Die Lebenshilfe Kleve baut ein inklusives Viertel an der Wagnerstraße mit 16 Wohneinheiten und drei Wohngruppen mit Quartierszentrum.
KLEVE | Delia Hasenpusch hat schon am Vortag den Teig für die Brötchen gemacht, hat die Burger vorbereitet, die Spießchen mit Hühnchenfleisch und die Bruschetta. Sie alle lagen griffbereit ansehnlich sortiert auf dem langen vor einer tiefen Grube aufgestellten Tisch: Die Snacks für die Feier des Ersten Spatenstichs an der Wagnerstraße kamen nämlich nicht vom Caterer, sondern aus dem Haus der Lebenshilfe in Materborn, wo Hauswirtschaftsmeisterin Hasenpusch arbeitet. Denn für die Lebenshilfe ist es ein besonderer Tag: Das lange geplante Zentrum im Quartier Oberstadt soll gebaut werden. Mehr als neun Millionen Euro investiert der Verein dort in das Straßenviertel Beethovenstraße / Wagnerstraße in das ambulante Wohnquartier für Menschen mit und ohne Unterstützungsbedarf direkt neben der Lebenshilfe-Kita Lebensfluss.
Hier entstehen in schick in sich verschachtelten und ins Stadtviertel eingepasste Backsteinbauten 16 Wohneinheiten zwischen 45 und 110 Quadratmeter Größe und drei Wohngruppen. 44 Bewohnerinnen können in dem inklusiven Quartier ein Zuhause finden. Dazu Familien, die in der Stadt in Citynähe eine Wohnung suchen, von der man zu Fuß die Kita, die Beuys-Gesamtschule oder das eoc.-Einkaufszentren erreichen kann. Das Ganze firmiert letztlich als „Neubau eines Mehrfamilienhauses mit Quartierzentrum, Sozialstation und Tiefgarage“.

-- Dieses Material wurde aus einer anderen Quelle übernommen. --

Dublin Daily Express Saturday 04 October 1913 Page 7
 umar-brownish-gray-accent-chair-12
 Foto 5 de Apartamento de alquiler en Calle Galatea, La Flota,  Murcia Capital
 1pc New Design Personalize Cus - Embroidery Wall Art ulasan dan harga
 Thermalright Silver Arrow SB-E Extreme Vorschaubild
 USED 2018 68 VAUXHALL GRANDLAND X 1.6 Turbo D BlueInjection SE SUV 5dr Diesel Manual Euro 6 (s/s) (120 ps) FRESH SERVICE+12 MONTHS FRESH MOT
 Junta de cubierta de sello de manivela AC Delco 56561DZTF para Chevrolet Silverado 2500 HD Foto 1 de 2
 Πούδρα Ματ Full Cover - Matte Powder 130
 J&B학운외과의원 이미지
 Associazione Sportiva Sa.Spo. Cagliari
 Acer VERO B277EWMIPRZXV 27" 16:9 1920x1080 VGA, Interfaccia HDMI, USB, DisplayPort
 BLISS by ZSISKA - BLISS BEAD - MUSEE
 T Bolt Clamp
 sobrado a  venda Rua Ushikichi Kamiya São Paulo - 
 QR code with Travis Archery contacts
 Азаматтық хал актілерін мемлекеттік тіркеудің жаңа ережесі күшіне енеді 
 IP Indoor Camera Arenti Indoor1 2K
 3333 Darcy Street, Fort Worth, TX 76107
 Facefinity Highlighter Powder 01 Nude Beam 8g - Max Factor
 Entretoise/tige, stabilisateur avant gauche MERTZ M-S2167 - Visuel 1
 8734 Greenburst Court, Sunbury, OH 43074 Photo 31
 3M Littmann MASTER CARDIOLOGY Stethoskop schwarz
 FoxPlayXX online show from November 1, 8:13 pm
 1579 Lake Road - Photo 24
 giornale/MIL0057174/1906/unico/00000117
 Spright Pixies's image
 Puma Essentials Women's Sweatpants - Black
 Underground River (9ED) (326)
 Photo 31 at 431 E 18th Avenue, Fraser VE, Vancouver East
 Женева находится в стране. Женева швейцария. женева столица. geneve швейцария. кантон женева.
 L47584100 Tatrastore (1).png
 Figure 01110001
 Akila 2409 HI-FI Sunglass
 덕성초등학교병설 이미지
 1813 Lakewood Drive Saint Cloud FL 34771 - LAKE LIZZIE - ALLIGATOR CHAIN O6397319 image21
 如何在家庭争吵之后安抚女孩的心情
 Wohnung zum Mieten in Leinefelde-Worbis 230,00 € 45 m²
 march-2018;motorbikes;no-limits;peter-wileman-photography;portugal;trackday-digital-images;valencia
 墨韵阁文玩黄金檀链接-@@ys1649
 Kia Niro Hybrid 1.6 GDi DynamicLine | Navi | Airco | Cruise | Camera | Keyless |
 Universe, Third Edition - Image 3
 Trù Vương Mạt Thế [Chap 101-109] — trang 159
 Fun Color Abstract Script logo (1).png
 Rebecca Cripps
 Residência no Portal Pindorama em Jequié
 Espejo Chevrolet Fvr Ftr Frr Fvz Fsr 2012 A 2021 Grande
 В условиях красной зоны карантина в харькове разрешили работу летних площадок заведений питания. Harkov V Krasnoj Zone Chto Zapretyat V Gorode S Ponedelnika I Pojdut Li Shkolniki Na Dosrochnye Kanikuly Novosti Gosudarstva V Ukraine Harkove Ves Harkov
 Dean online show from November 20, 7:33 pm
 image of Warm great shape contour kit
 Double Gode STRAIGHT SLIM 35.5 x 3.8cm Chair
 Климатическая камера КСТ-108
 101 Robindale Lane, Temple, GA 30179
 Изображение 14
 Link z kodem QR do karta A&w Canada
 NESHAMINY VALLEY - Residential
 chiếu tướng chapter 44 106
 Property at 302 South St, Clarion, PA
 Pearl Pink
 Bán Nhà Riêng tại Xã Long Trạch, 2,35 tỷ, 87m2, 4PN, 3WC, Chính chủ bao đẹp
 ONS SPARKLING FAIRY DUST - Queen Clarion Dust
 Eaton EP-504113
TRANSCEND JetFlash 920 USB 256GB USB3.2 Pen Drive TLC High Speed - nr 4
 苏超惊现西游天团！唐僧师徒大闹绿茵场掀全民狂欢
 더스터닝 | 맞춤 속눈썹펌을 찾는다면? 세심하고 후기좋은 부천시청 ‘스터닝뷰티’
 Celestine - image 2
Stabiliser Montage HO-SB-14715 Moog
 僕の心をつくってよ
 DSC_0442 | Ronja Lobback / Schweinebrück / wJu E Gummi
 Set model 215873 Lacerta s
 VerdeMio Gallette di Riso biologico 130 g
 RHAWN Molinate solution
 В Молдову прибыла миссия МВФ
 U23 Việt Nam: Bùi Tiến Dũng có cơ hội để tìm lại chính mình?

Geplant hat das Viertel mit 17 unterirdischen und zehn oberirdischen Stellplätzen Architektin Gabriele Bühner-Nellesen von Völling-Architekten aus Goch. Es ist energetisch nach dem KfW-55-Standard geplant, die Gärten sollen naturnah und insektenfreundlich gestaltet werden. Der dreigeschossige Komplex ist stark gegliedert, sodass er wie aus mehreren Bauten mit unterschiedlichen schrägen Dächern zusammengesetzt wirkt. Darin sind dann die Mietwohnungen, inklusive Appartements und eben die drei Wohngruppen sowie ebenerdig das Quartierszentrum untergebracht. Der Haupteingang im Innenhof ist großzügig verglast. Nach dem Motto „Miteinander leben – füreinander da sein“ sollen niedrigschwellige Begegnungsmöglichkeiten, soziale Kontakte, kulturelle Angebote und nachbarschaftliche Unterstützung vernetzt werden.
Dabei musste die Lebenshilfe spitz rechnen – denn der Baubeginn des schon länger projektierten Vorhabens fiel in Corona- und Ukraine-Kriegs-Zeiten. „Aber dann haben wir beschlossen, das zu wagen“, sagt Gudrun Hütten, Vorsitzende der Vertreterversammlung der „Lebenshilfe – Leben und Wohnen“. Das Projekt wird größtenteils mit öffentlichen Fördermitteln und als größtem Dahrlehnsgeber der Sparkasse finanziert. „Trotz aller globalen Krisen packen wir das jetzt an, zumal die Lebenshilfe in diesem Jahr auch 50 Jahre alt wird“, sagt Hütten.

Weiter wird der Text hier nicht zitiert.